### Data Collection

In [None]:
# Code to download file into Colaboratory:
!pip install -U -q PyDrive
from pydrive.auth import GoogleAuth
from pydrive.drive import GoogleDrive
from google.colab import auth
from oauth2client.client import GoogleCredentials
# Authenticate and create the PyDrive client.
auth.authenticate_user()
gauth = GoogleAuth()
gauth.credentials = GoogleCredentials.get_application_default()
drive = GoogleDrive(gauth)

id = '16g474hdNsaNx0_SnoKuqj2BuwSEGdnbt'
downloaded = drive.CreateFile({'id':id}) 
downloaded.GetContentFile('training_data.csv')  

id = '1-7hj0sF3Rc5G6POKdkpbDXm_Q6BWFDPU'
downloaded = drive.CreateFile({'id':id}) 
downloaded.GetContentFile('testing_data.csv')  

import pandas as pd
training_data = pd.read_csv("/content/training_data.csv")
testing_data = pd.read_csv("/content/testing_data.csv")

print("------------------------------------")
print("Size of training dataset: {0}".format(len(training_data)))
print("Size of testing dataset: {0}".format(len(testing_data)))
print("------------------------------------")

print("------------------------------------")
print("Sample Data")
print("LABEL: {0} / SENTENCE: {1}".format(training_data.iloc[-1,0], training_data.iloc[-1,1]))
print("------------------------------------")


In [None]:
training_data.head()

In [None]:
# Extract the labels and posts and store into List

# Get the list of training data (posts)
training_posts=training_data['posts'].tolist()
# Get the list of corresponding labels for the training data (posts)
training_labels=training_data['type'].tolist()

# Get the list of testing data (posts)
testing_posts=testing_data['posts'].tolist()
# Get the list of corresponding labels for the testing data (posts)
testing_labels=testing_data['type'].tolist()

### Url Removal

In [None]:
import re

def remove_url(text):
    return re.sub(r'\w+:\/{2}[\d\w-]+(\.[\d\w-]+)*(?:(?:\/[^\s/]*))*', '', text)

training_posts = [remove_url(post) for post in training_posts]
testing_posts = [remove_url(post) for post in testing_posts]

In [None]:
"""
You are asked to pre-process the training set by integrating several text pre-processing techniques
 (e.g. tokenisation, removing numbers, converting to lowercase, removing stop words, stemming, etc.).
You should test and justify the reason why you apply the specific preprocessing techniques based on the test result in section
"""
import string
import nltk
from nltk.stem import WordNetLemmatizer
lemmatizer = WordNetLemmatizer()
stemmer = nltk.stem.porter.PorterStemmer()
stopwords = nltk.corpus.stopwords.words('english')

def preprocess(text):
    # Tokenize the text
    tokens = nltk.word_tokenize(text)
    # Remove the stop words
    tokens = [token.lower() for token in tokens if token.lower() not in stopwords]
    # Remove the punctuation
    tokens = [token for token in tokens if token not in string.punctuation]
    # Remove the numbers
    tokens = [token for token in tokens if not token.isdigit()]
    # Stem the tokens
    tokens = [stemmer.stem(token) for token in tokens]
    # lemmatization 
    tokens = [lemmatizer.lemmatize(token) for token in tokens]
    return ' '.join(tokens)

clean_training_posts = [preprocess(post) for post in training_posts]

In [None]:
"""
In this section, you are to implement three input representation components, including 
1) Word Embedding Construction Module, 
2) Pretrained Word Embedding Module, and 
3) Input Concatenation Module.
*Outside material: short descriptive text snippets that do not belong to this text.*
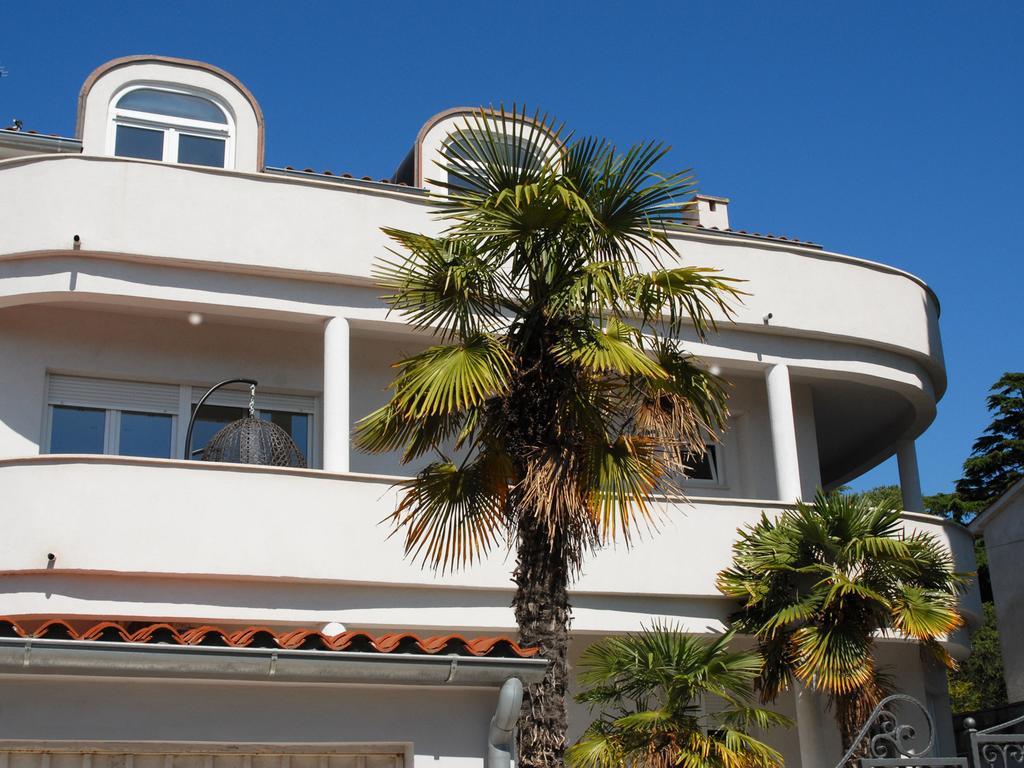 Klara Ii Apartament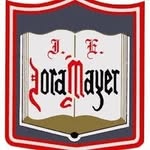 Confesiones Dora Mayer - @dora.mayer.confesiones - Instagram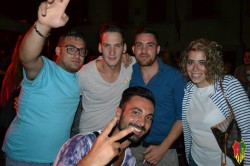 2015 04 09 leccio 23816333085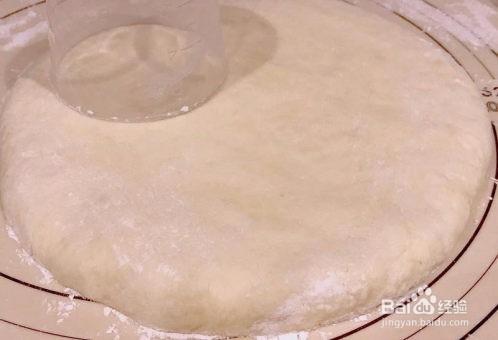 经典英式司康怎么做好吃？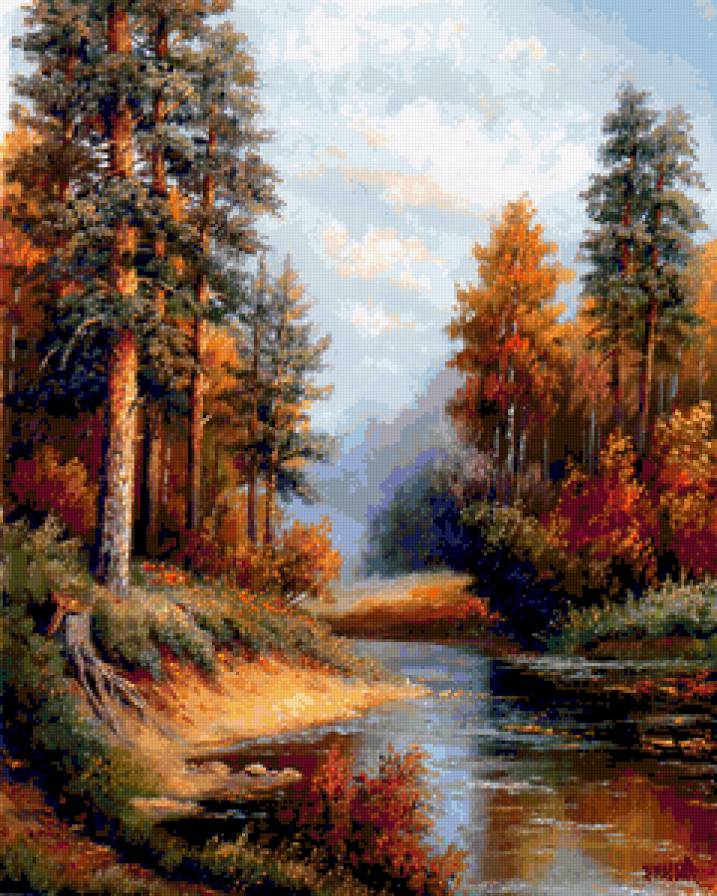 №252806 - предпросмотр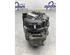 Dynamo (Alternator) MERCEDES-BENZ CLS Shooting Brake (X218)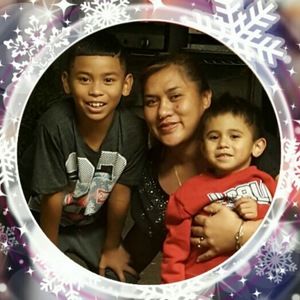 Meet your Posher, Ileenk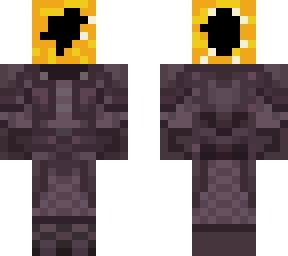 fire knight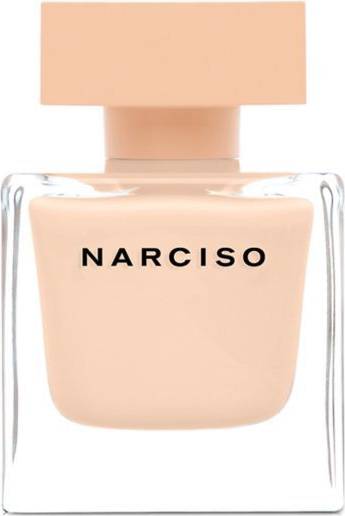Narciso Poudree EdP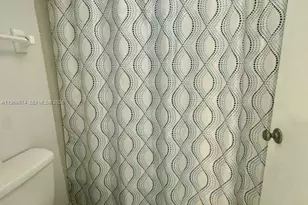 3720 Inverrary Dr, Lauderhill, FL 33319 - Photo 27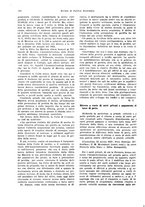 giornale/VEA0009251/1927/unico/00000530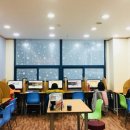 리드앤톡영어독서학원 이미지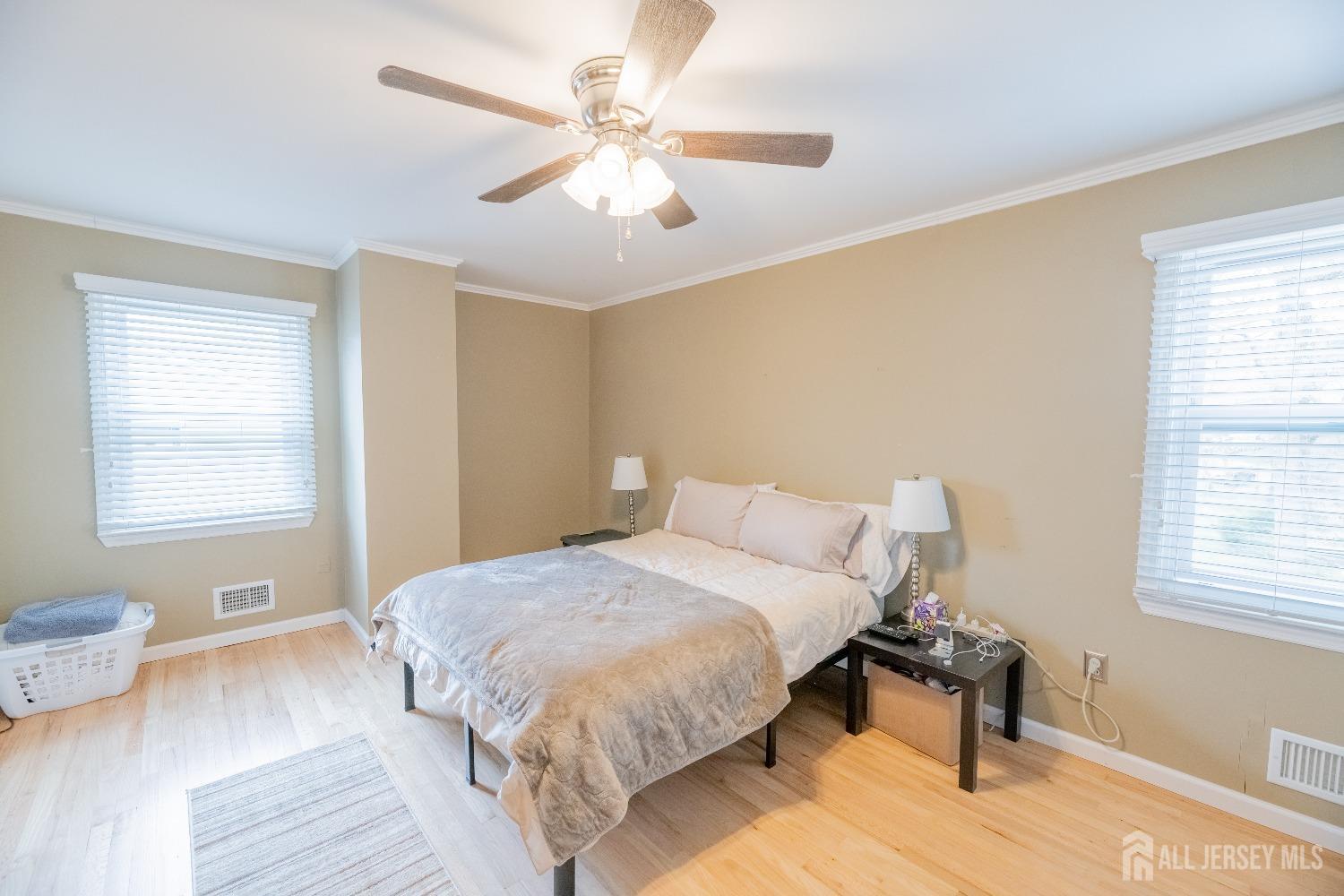 34 Arvin Road, Old Bridge, NJ, 08857 image 34
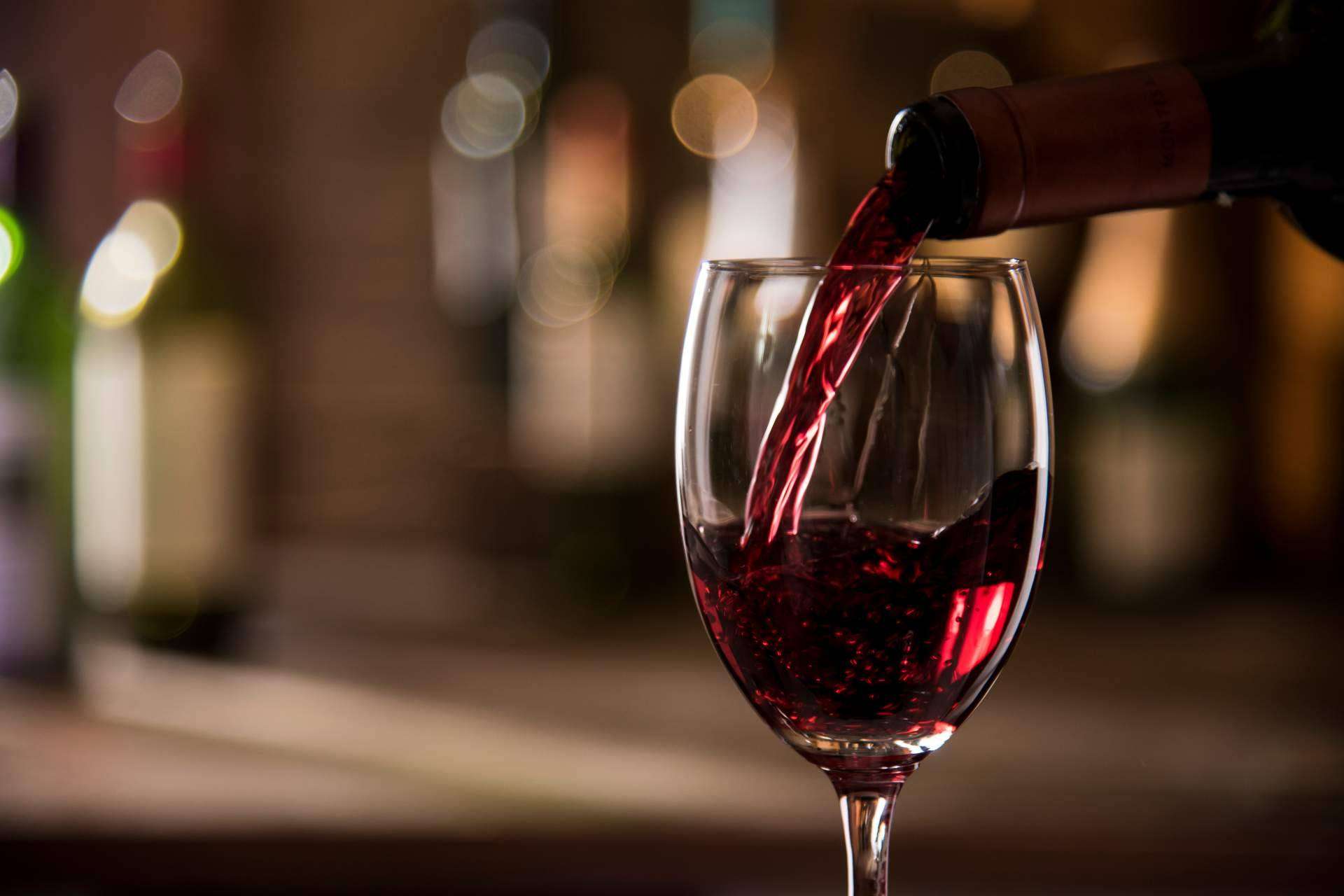 Colección de grandes clásicos: De Gálvez presenta sus mejores vinos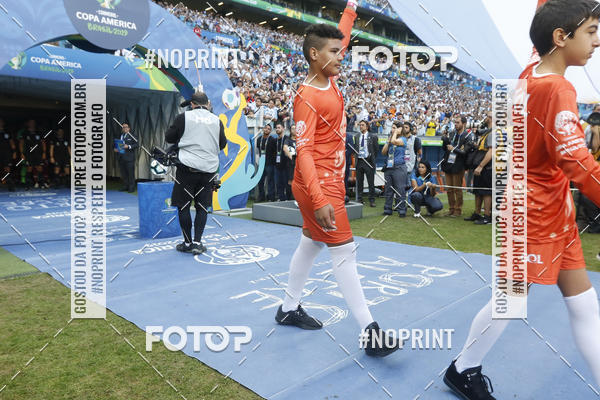 Compre suas fotos do eventoQatar x Argentina no Fotop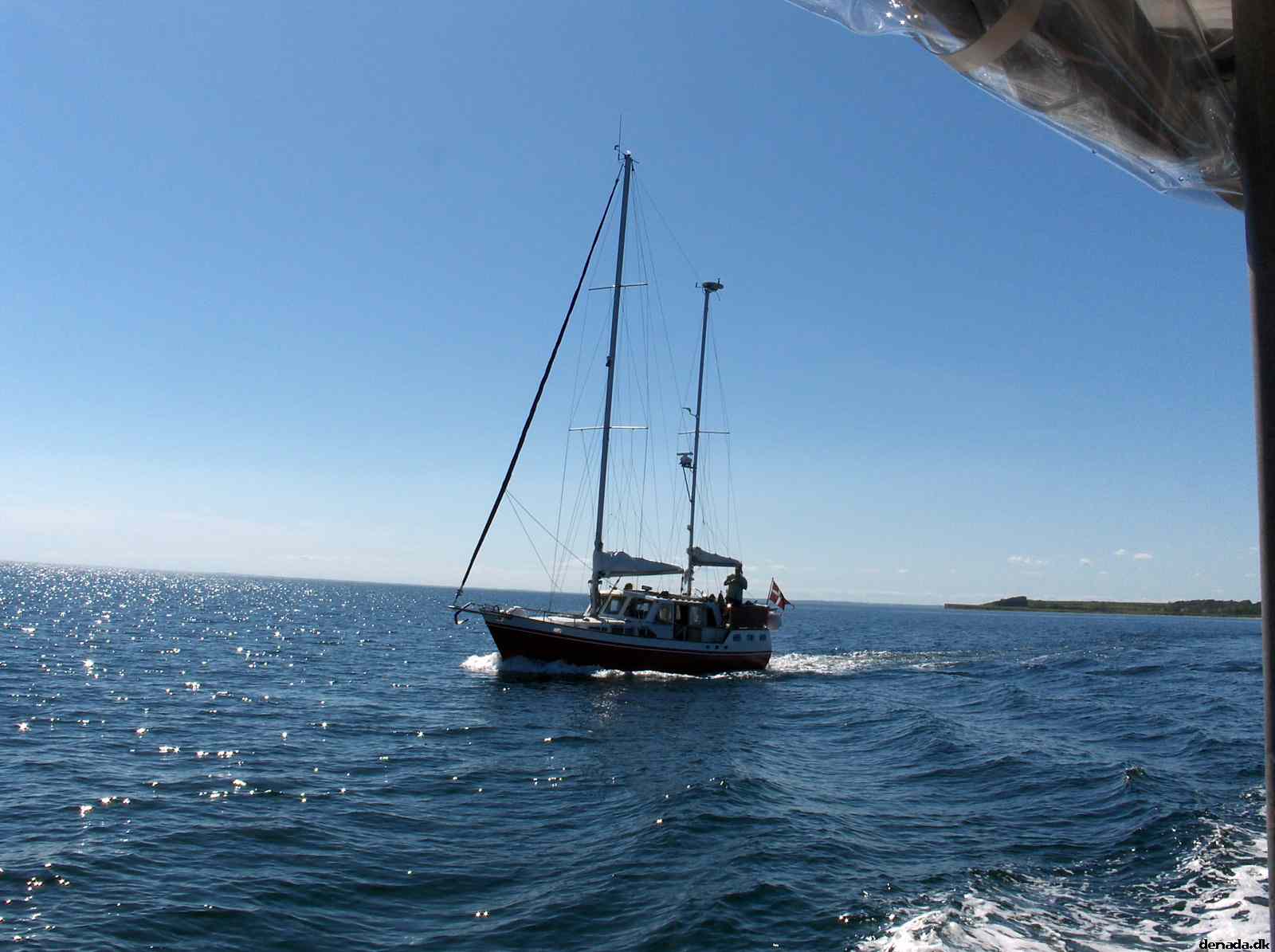 * Image 91
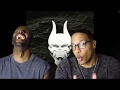 Trivium - Silence In The Snow (REACTION!!!)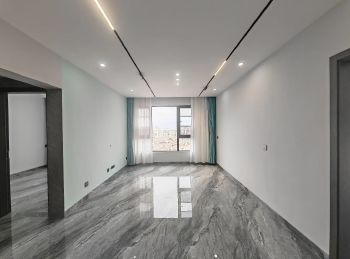 【红河】 缙颐听蓝半山,3室2厅二手房出售,报价:58万元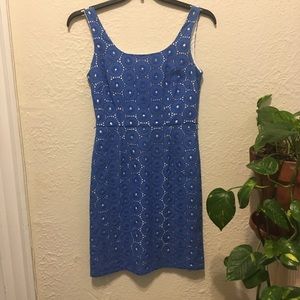 Like new Adrianna papell dress sz 6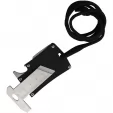 Max Knives Multi-Function Caliper FRDMKPC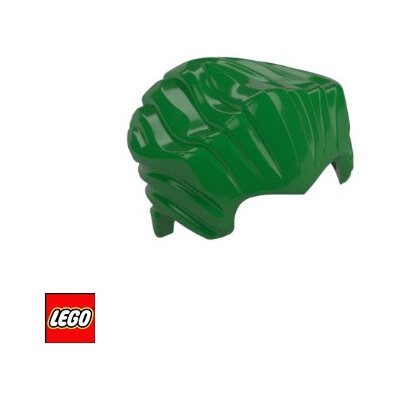 LEGO® 64798 Vlasy / Joker – Hledejceny.cz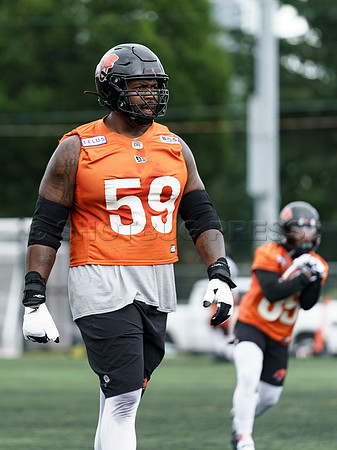 Wesley Shaw Vancouver-120734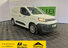 Citroen Berlingo 1000 Enterprise Professional Blue 1.5 HDi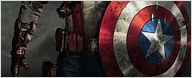 Quiz Ciné - Les taglines des super-héros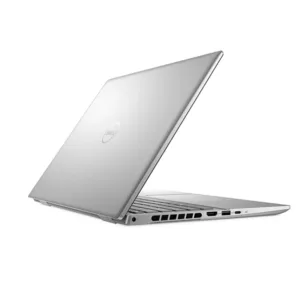 dell inspiron 14 plus 7430 intel core i7 13620h 16 go ram ddr5 1 to ssd ecran 14 5t45kx3 bon prix maroc casa rabat tanger maxfor systeme 3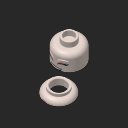 extracted_plate_3_small.png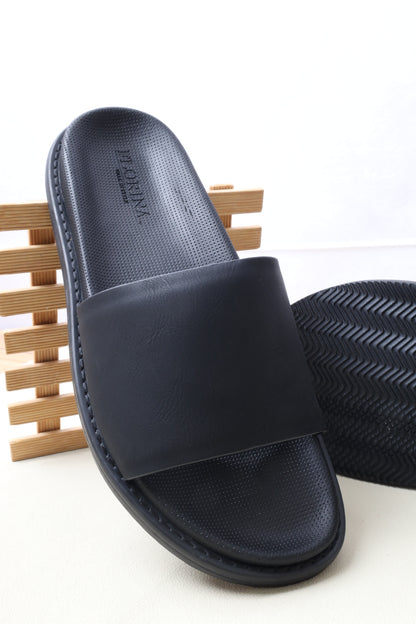 صندل رجالي 42202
For training, you are free to choose hyperparameters [Lab2,Lab4,Lab5] 
(e.g. dimension of embeddings, learning rate, epochs, etc.).

First, you are asked to build a word embedding model (for representing word vectors, 
such as word2vec-CBOW, word2vec-Skip gram, fastText, and Glove) 
for the input embedding of your sequence model. 
Note that we used one-hot vectors as inputs for the sequence model in the Lab3 and Lab4.
 You are required to complete the following sections in the format

Preprocess data for word embeddings: You are to use and preprocess MBTI dataset 
(the one provided in the Section 1) for training word embeddings [Lab2]. 
This can be different from the preprocessing technique that you used in Section 1. 
You can use both the training and testing datasets in order to train the word embedding.
"""

# Preprocess data for word embeddings
clean_training_posts = [preprocess(post) for post in training_posts]
clean_testing_posts = [preprocess(post) for post in testing_posts]

"""
 You are to build a training model for word embeddings. 
 You are required to articulate the hyperparameters you choose (dimension of embeddings and window size) in the report.
 Note that any word embeddings model (e.g. word2vec-CBOW, word2vec-Skip gram, fasttext, glove) can be applied.
"""

# Build the training model for word embeddings
import torch
import torch.nn as nn
import torch.nn.functional as F
import torch.optim as optim
import numpy as np
import pandas as pd
import matplotlib.pyplot as plt
import seaborn as sns
from sklearn.model_selection import train_test_split
from sklearn.metrics import confusion_matrix
from sklearn.metrics import accuracy_score
from sklearn.metrics import classification_report
from sklearn.metrics import f1_score
from sklearn.metrics import precision_score
from sklearn.metrics import recall_score
from sklearn.metrics import roc_auc_score
from sklearn.metrics import roc_curve
from sklearn.metrics import precision_recall_curve
from sklearn.metrics import accuracy_score
from sklearn.metrics import f1_score
from sklearn.metrics import precision_score
from sklearn.metrics import recall_score
from sklearn.metrics import roc_auc_score

# Hyperparameters
embedding_dim = 100
window_size = 5
vocab_size = len(clean_training_posts)


# Build the word embedding training model
class TrainingModelForWordEmbeddings(nn.Module):
    def __init__(self, embedding_dim, window_size):
        super(TrainingModelForWordEmbeddings, self).__init__()
        self.embedding_dim = embedding_dim
        self.window_size = window_size
        self.embedding = nn.Embedding(vocab_size, embedding_dim)
        self.linear = nn.Linear(embedding_dim * window_size, vocab_size)
        self.softmax = nn.LogSoftmax(dim=1)
    def forward(self, x):
        x = self.embedding(x)
        x = x.view(-1, self.embedding_dim * self.window_size)
        x = self.linear(x)
        x = self.softmax(x)
        return x

# Build the word embedding testing model
model = TrainingModelForWordEmbeddings(embedding_dim, window_size)

In [None]:
"""
You are asked to extract and apply the pretrained word embedding. Gensim provides several pretrained word embeddings, 
you can find those in the gensim github. You can select the pretrained word embedding that would be useful for the assignment 1 task,
 personality type classification

"""
device = torch.device("cuda:0" if torch.cuda.is_available() else "cpu")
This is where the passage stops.